Part of this network may involve Fgf signalling. Brachyury and Fgf signalling form part of an autoregulatory loop in Xenopus and zebrafish embryos [67], [68], [69], [70], and we note that Fgf8 is a target of Brachyury in embryoid bodies, and that its expression is down regulated in Brachyury mutant embryos (Fig. 6).
Finally, our work reveals that the promoter regions of AXIN2, FGF8 and WNT3A are also bound by BRACHYURY (Fig. 7A) in human ES cells as they differentiate into mesoderm-like cells [41]. These results further substantiate the identity of these genes as bona fide Brachyury targets and suggest that the regulation of these key signalling components is conserved during human development.

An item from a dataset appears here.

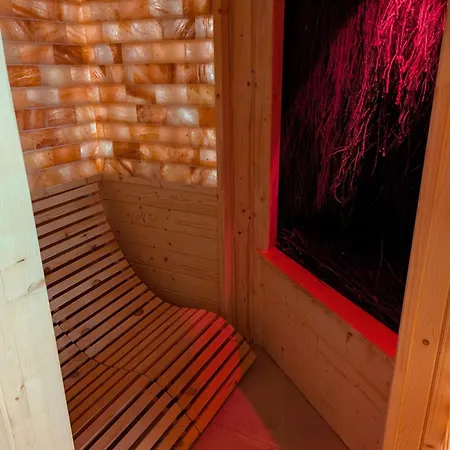 Kwiatano Plazowa -sauna, Jacuzzi ,klima ,parking, 100m Do Morza Apartment Grzybowo (West Pomeranian)
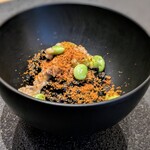 SINQ - ８・〆　イカスミご飯にカラスミのふりかけ　イカスミのソースだけで炊いたご飯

Making a genetic regulatory network for mesoderm
Attempts to understand the Brachyury genetic regulatory network are important not only because Brachyury is required for proper formation of mesoderm in the vertebrate embryo, but because it is sufficient for the formation of some mesodermal cell types, at least in Xenopus [71]. The identification of new Brachyury targets will enable the integration of Brachyury with other components of genetic regulatory networks that include it, such as the Ets family member Elk-1 and the caudal homologue, Cdx2 [72] and to ask to what extent such networks have been conserved during evolution.
Materials and Methods
Ethics statement
Animal procedures were performed under a UK Home Office project license within the conditions of the Animals (Scientific Procedures) Act 1986.
Mouse ESC culture
Embryonic stem (ES) cell culture was as described [73] except that mitotically inactivated primary mouse embryonic fibroblasts (MEFs) were used as feeders. Culture dishes were coated with 0.1% gelatin (Sigma-Aldrich). MEFs and ES cells were maintained in DMEM (Sigma-Aldrich) supplemented with 0.1 mM β-mercaptoethanol, non-essential amino acids (Gibco Invitrogen), 2 mM glutamate (Gibco Invitrogen), and batch-tested 10% (MEFs) or 15% (ES cells) foetal bovine serum (FBS) (Gibco Invitrogen). ES cell medium was also supplemented with Leukaemia Inhibitory Factor (LIF) (ESGRO®, Millipore) at 103 units/ml [74]. Early passage R1 mouse ES cells [75] were passaged every 2 days and medium was changed daily to prevent differentiation.
ES cells were differentiated in spinner flasks to produce large numbers of embryoid bodies (EBs) undergoing synchronized differentiation [76], [77]. The Cellspin culture system (Integra Biosciences) was set at 25 rpm and spin angle 720° so as to avoid aggregation of EBs. Spinner medium was prepared as above, but with LIF omitted and FBS increased to 20%. On day 0, adherent log phase ES cell colonies were dissociated and resuspended in 10 ml spinner medium. Feeder cells were depleted by differential sedimentation at 37°C for 20 min.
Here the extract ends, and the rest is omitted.